* [WORK ORDER]
Among the entries that follow, locate the line with "15 Gal. Portable" and the line with "611 OAK HAVEN DR, FALLS". Output those lines and all lines in between, exactly, minus the pictures.

Crawled caption data:
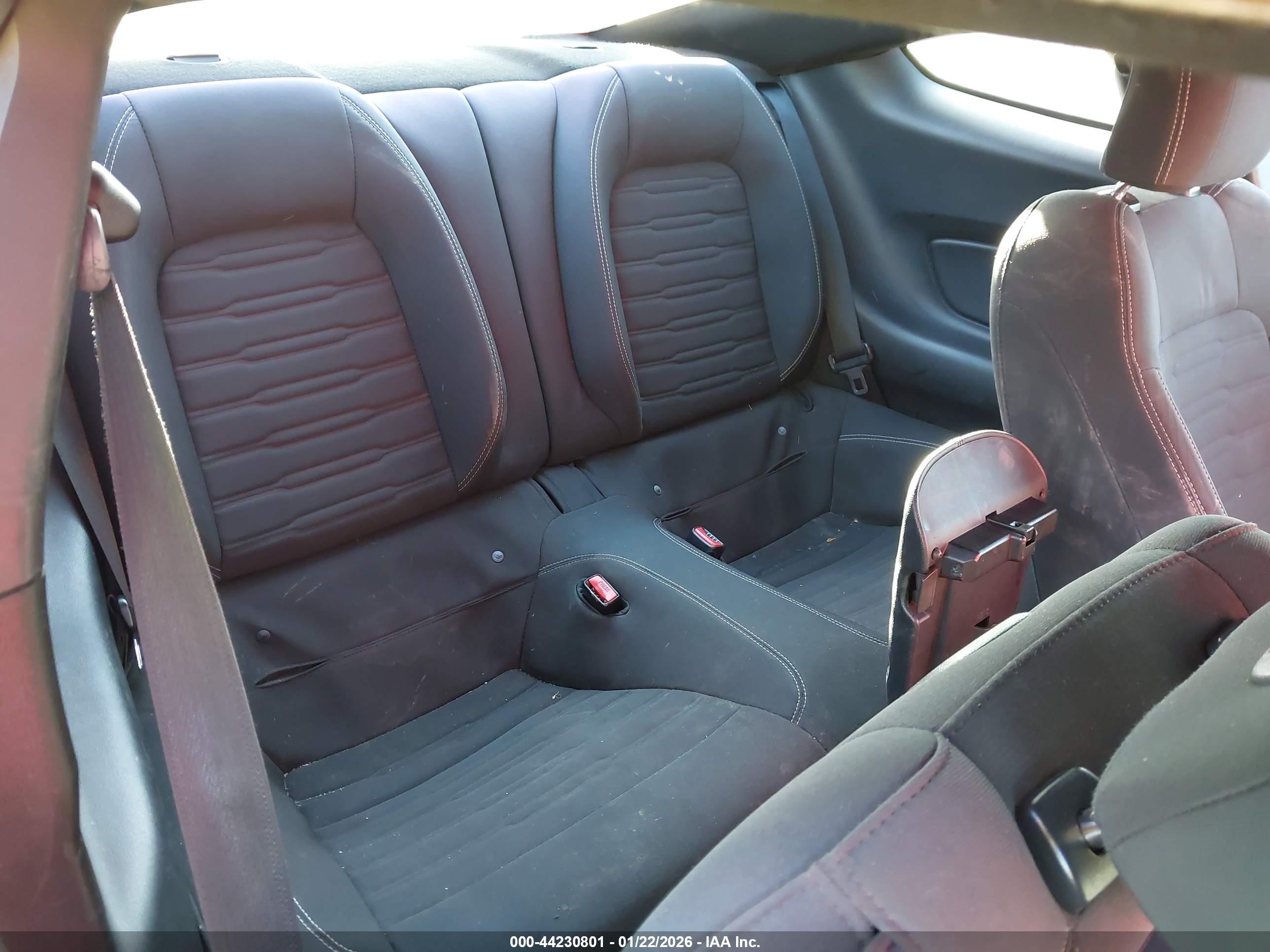 FORD MUSTANG image 8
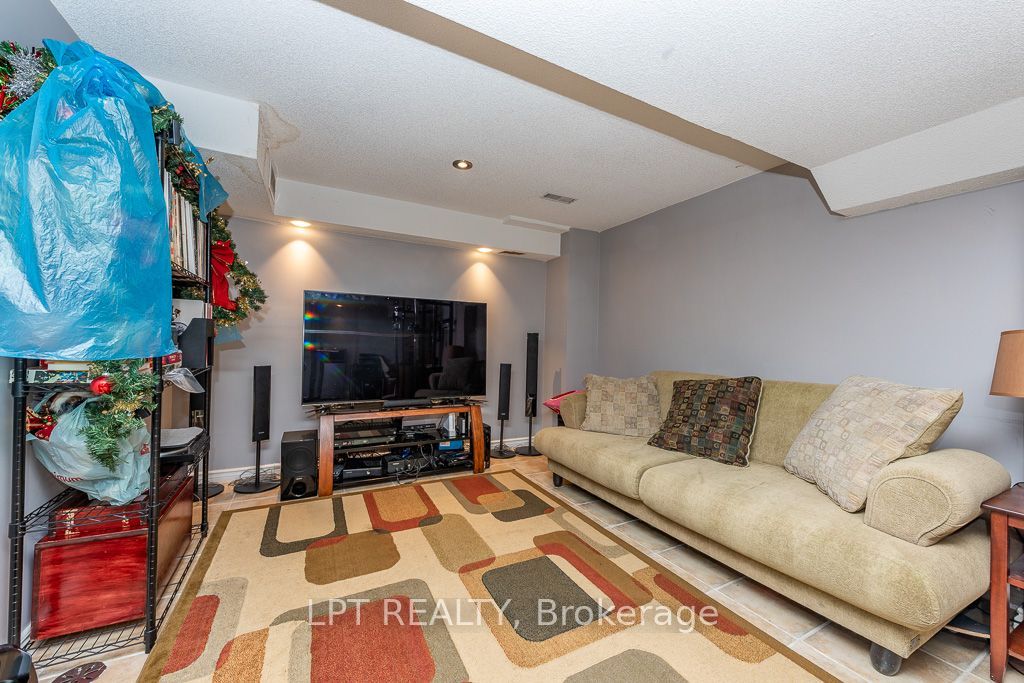 16 Oak Gardens Court Property Photo 35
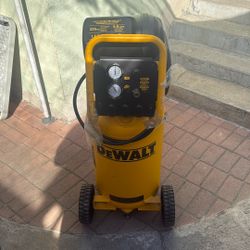15 Gal. Portable Electric Air Compressor by DEWALT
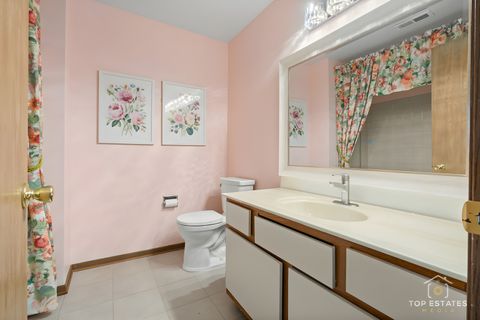 Tiny photo for 751 W Happfield Drive, Arlington Heights, IL 60004 (MLS # 12479185)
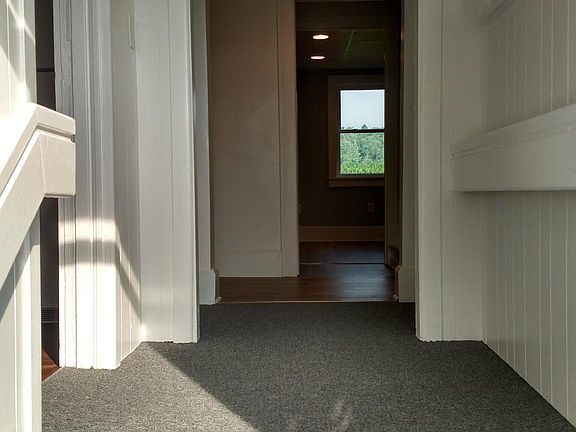 Foyer (New Ceiling, Recessed Lighting, Carpet)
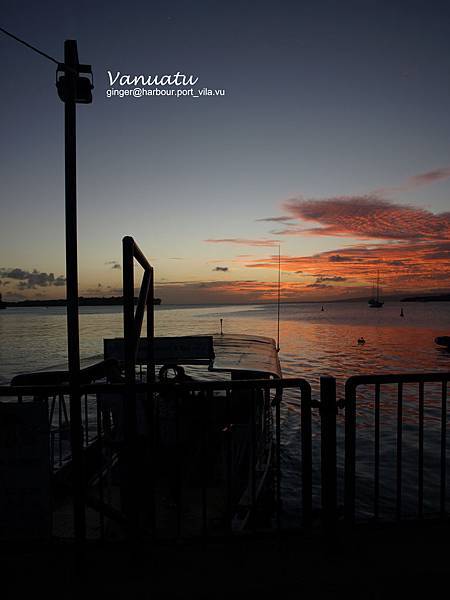 10.09.29sunset at the harbour to Iririki.JPG 10.09.29sunset at the harbour to Iririki.JPG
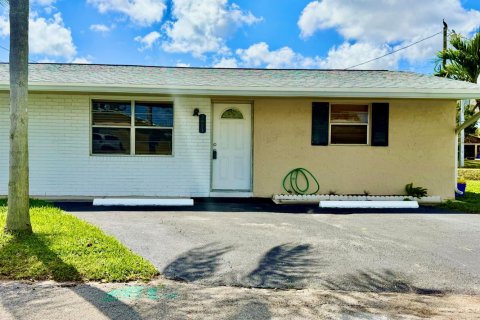 Townhouse in Delray Beach, Florida 2 bedrooms, 92.9 sq.m. № 2190799 - photo 3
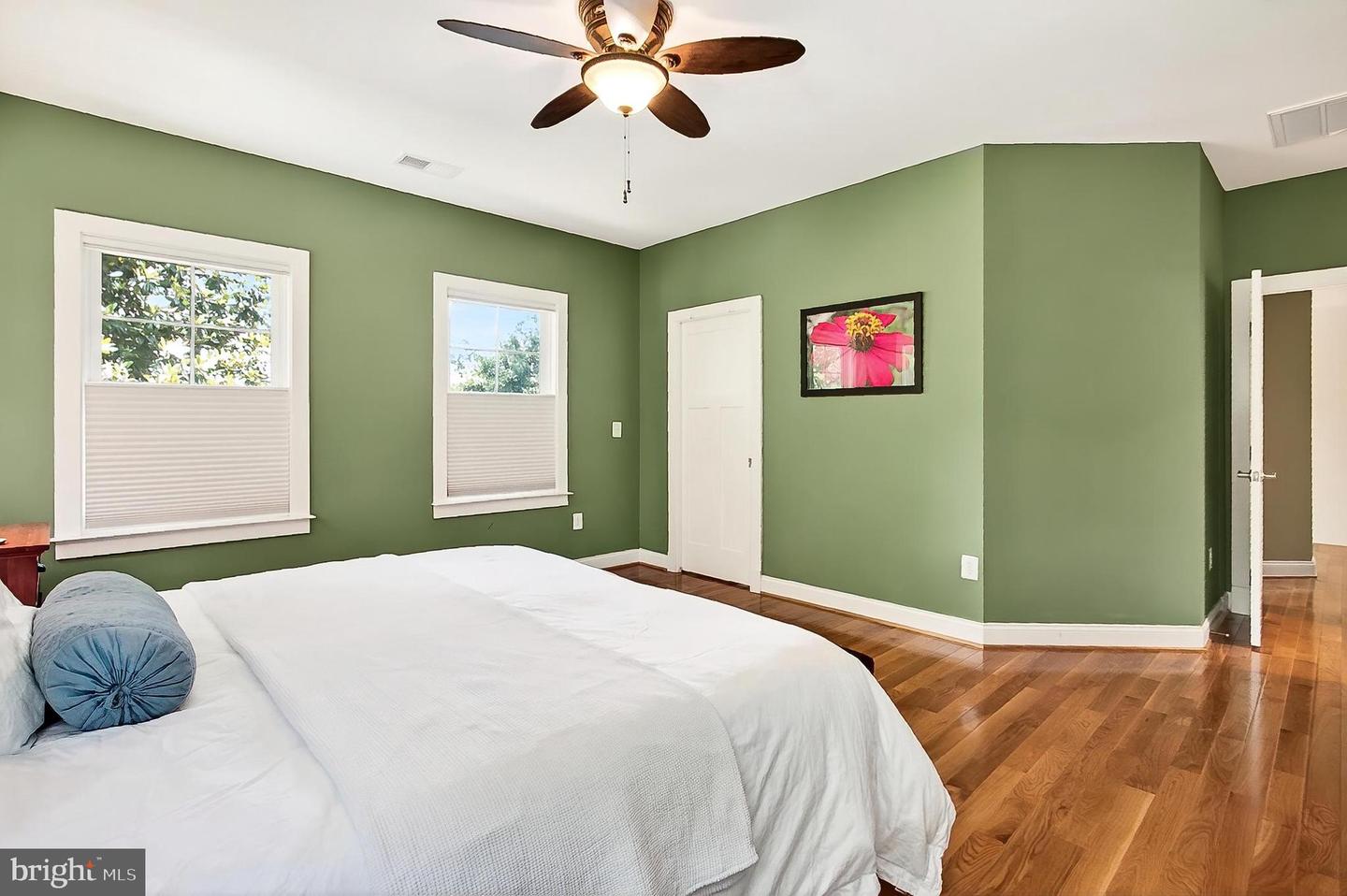 611 OAK HAVEN DR, FALLS CHURCH, Virginia 22046, 5 Bedrooms Bedrooms, ,4 BathroomsBathrooms,Residential,For sale,611 OAK HAVEN DR,VAFA2003144 MLS # VAFA2003144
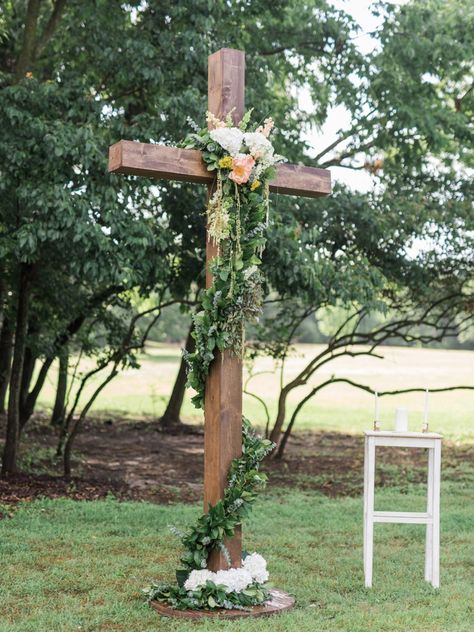 Floral adorned cross for a garden inspired wedding ceremony. Christ Centered Wedding, Garden Inspired Wedding, Prayer Garden, Wedding Ceremony Ideas, Garden Weddings Ceremony, Wedding Cross, Wedding Altars, Flowers Arrangements, Crosses Decor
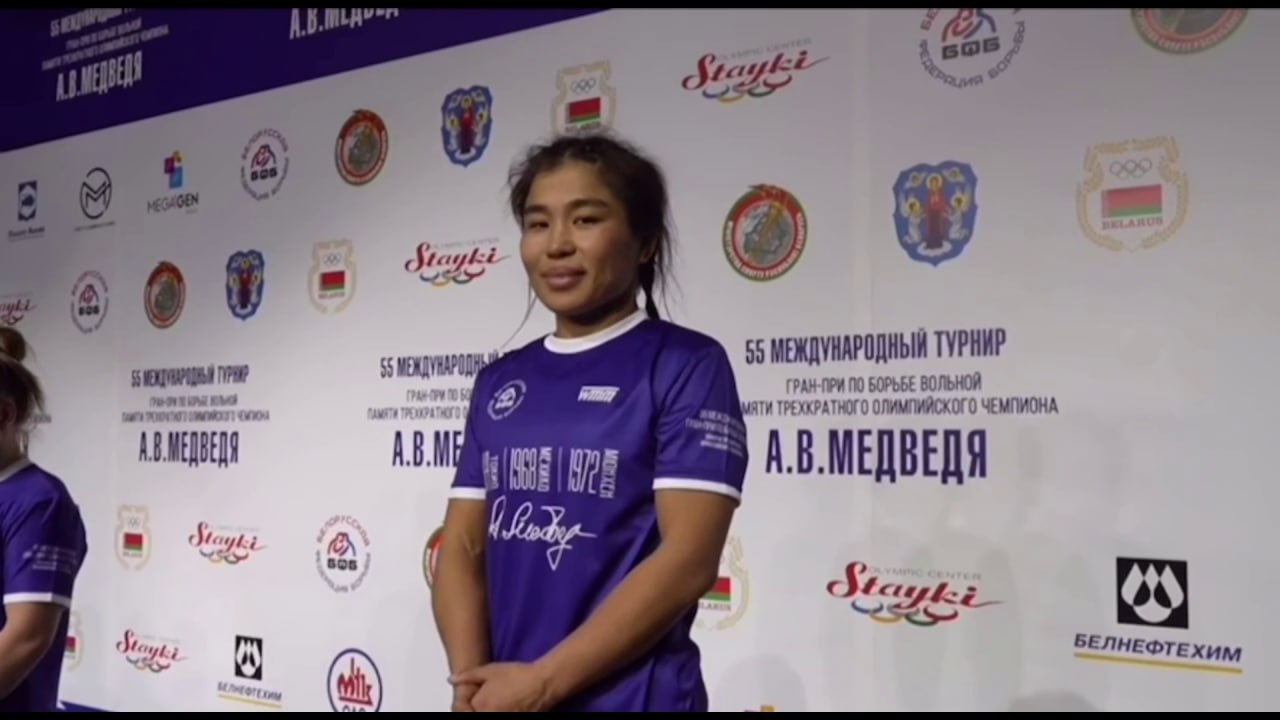 Спортсменка из Бурятии завоевала золото в Минске В столице Беларуси Минске состоялся 55 ый международный турнир по вольной борьбе памяти трехкратного олимпийского чемпиона Александра Медведя Так Ирина Ологонова стала обладательницей золотой медали в весовой категории 55 кг Представительница нашей республики одолела Викторию Ваулину из Пермского края Кроме того бронзу завоевала Ульяна Тукуренова в весовой категории 59 кг Читайте нас в МАХ Больше новостей на сайте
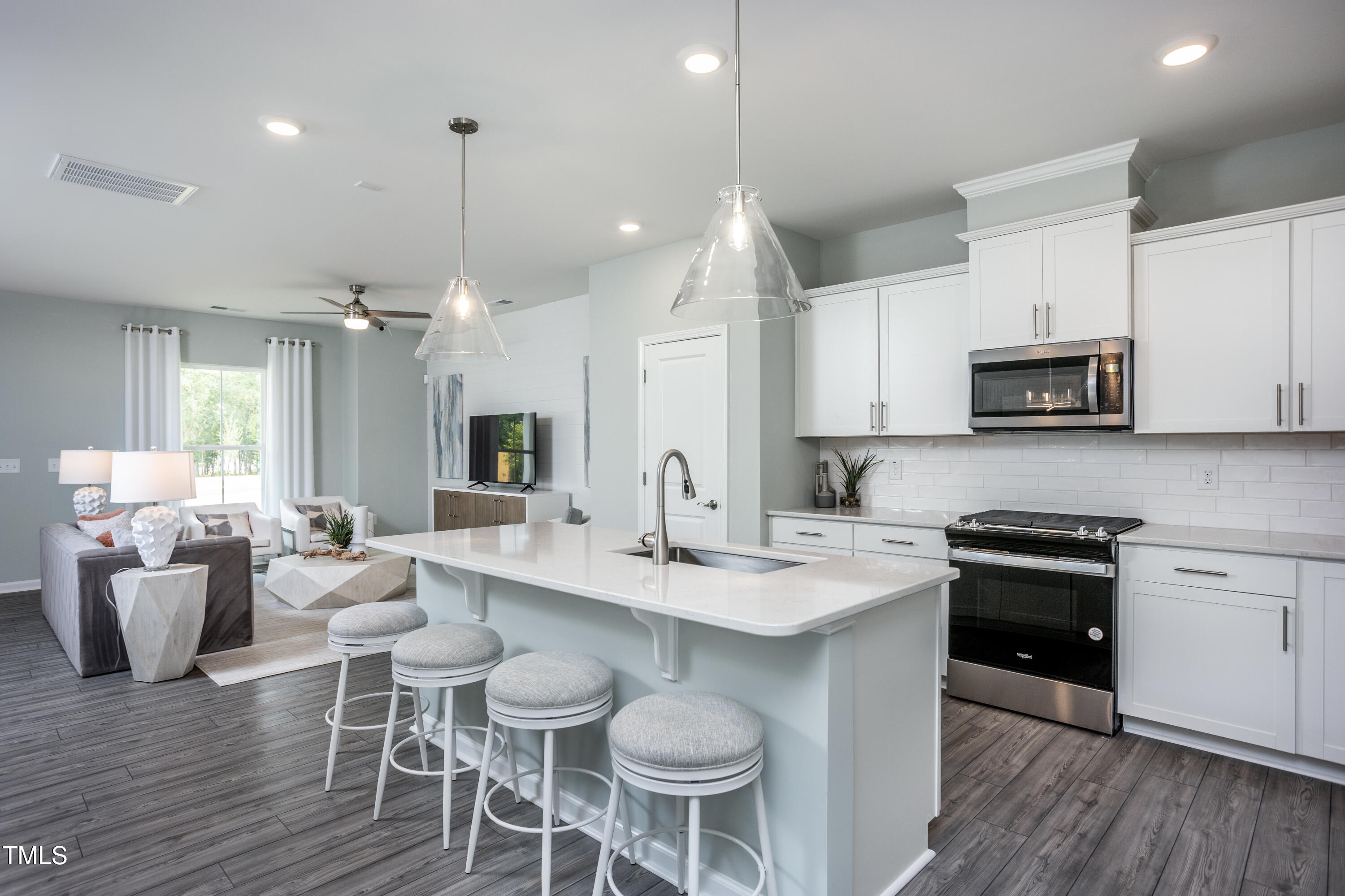 2903 Denson Road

* [EXERCISE RESPONSE]
15 Gal. Portable Electric Air Compressor by DEWALT
 Tiny photo for 751 W Happfield Drive, Arlington Heights, IL 60004 (MLS # 12479185)
 Foyer (New Ceiling, Recessed Lighting, Carpet)
 10.09.29sunset at the harbour to Iririki.JPG 10.09.29sunset at the harbour to Iririki.JPG
 Townhouse in Delray Beach, Florida 2 bedrooms, 92.9 sq.m. № 2190799 - photo 3
 611 OAK HAVEN DR, FALLS CHURCH, Virginia 22046, 5 Bedrooms Bedrooms, ,4 BathroomsBathrooms,Residential,For sale,611 OAK HAVEN DR,VAFA2003144 MLS # VAFA2003144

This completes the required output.